Lynn responded, attempting to defend his work, and Wicherts et al. fired back immediately with an even stronger rejoinder, repeating their previous criticism of his methodology and flat out accusing him of cherry-picking data that supports his position while ignoring the rest:
In this rejoinder, we criticize Lynn and Meisenberg's (this issue) methods to estimate the average IQ (in terms of British norms after correction of the Flynn Effect) of the Black population of sub-Saharan Africa. We argue that their review of the literature is unsystematic, as it involves the inconsistent use of rules to determine the representativeness and hence selection of samples. Employing independent raters, we determined of each sample whether it was (1) considered representative by the original authors, (2) drawn randomly, (3) based on an explicated stratification scheme, (4) composed of healthy test-takers, and (5) considered by the original authors as normal in terms of Socio-Economic Status (SES). We show that the use of these alternative inclusion criteria would not have affected our results. We found that Lynn and Meisenberg's assessment of the samples' representativeness is not associated with any of the objective sampling characteristics, but rather with the average IQ in the sample. This suggests that Lynn and Meisenberg excluded samples of Africans who average IQs above 75 because they deemed these samples unrepresentative on the basis of the samples' relatively high IQs. We conclude that Lynn and Meisenberg's unsystematic methods are questionable and their results untrustworthy.
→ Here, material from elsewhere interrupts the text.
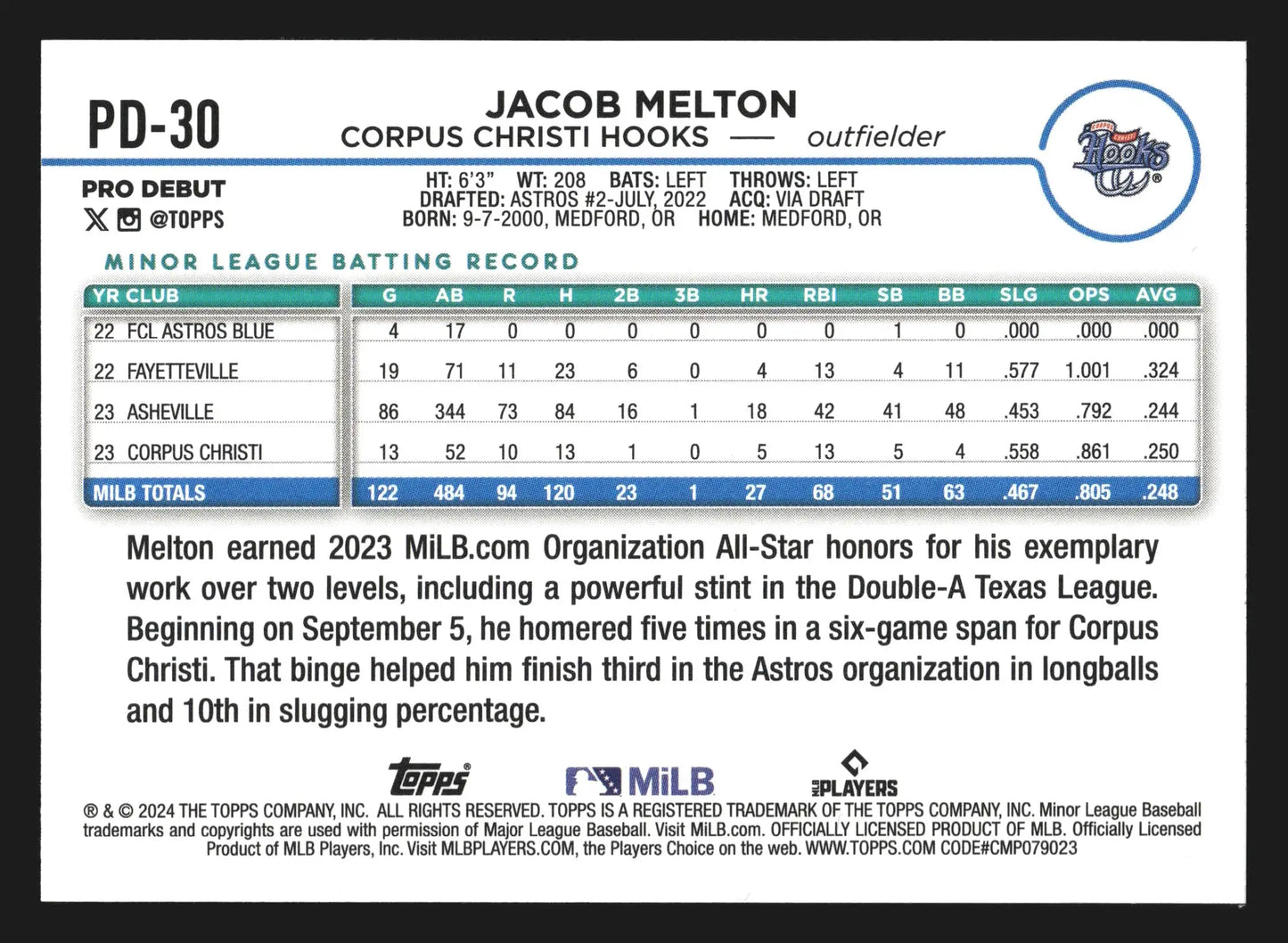 2024 Topps Pro Debut Jacob Melton #PD-30 Corpus Christi Hooks Astros - Baseball Card Single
Then in a later paper, Wicherts et al. dug even deeper, finding that in addition to picking and choosing, Lynn actively seeks out and uses data that's not reliable or representative:
The samples, considered by Lynn (and Vanhanen), but discarded here, are given in the Appendix. Besides the two samples described above (Klingelhofer, 1967; Zindi, 1994), these are Wober's (1969) sample of factory workers, and Verhaegen's (1956) sample of uneducated adults from a primitive tribe in the then Belgian Congo in the 1950s. Verhaegen indicated that the SPM test format was rather confusing to the test-takers, and that the test did not meet the standards of valid measurement. In Wober's study, the reliability and validity were too low (Wober, 1975). In three of the samples in Table 1, the average IQ is below 70. These are Owen's large sample of Black South African school children tested in the 1980s, the 17 Black South Africans carefully selected for their illiteracy by Sonke (2001), and a group of uneducated Ethiopian Jewish children, who lived isolated from the western world in Ethiopia and immigrated to Israel in the 1980s (Kaniel & Fisherman, 1991). The last two samples cannot be considered to be representative.
[...]
Our review of the literature on the performance of Africans on the Raven's tests showed that the average IQ of Africans on the Raven's tests is lower than the average IQ in western countries. However, the average IQ of Africans is not as low as Lynn (and Vanhanen) and Malloy (2008) maintained. The majority of studies on IQ test performance of Africans not taken into account by Lynn (and Vanhanen) and Malloy showed considerably higher average IQs than the studies that they did review. We judge the reviews of Lynn (and Vanhanen) and Malloy to be unsystematic. These authors missed a large part of the literature on IQ testing in Africa, failed to explicate their inclusion and exclusion criteria, and made downward errors in the conversion of raw scores to IQs (Wicherts, 2007). Lynn (and Vanhanen)'s estimate of average IQ of Africans of around 67 is untenable. Our review indicates that it is about 78 (UK norms) or 80 (US norms). These means are somewhat lower than the means of Africans on other IQ tests, which lie around 82 (Wicherts et al., 2010). These results undermine evolutionary theories of race differences in intelligence of Lynn (2006), Rushton (2000), and Kanazawa (2004) (Wicherts, Borsboom, & Dolan, 2010a; Wicherts et al., 2010b).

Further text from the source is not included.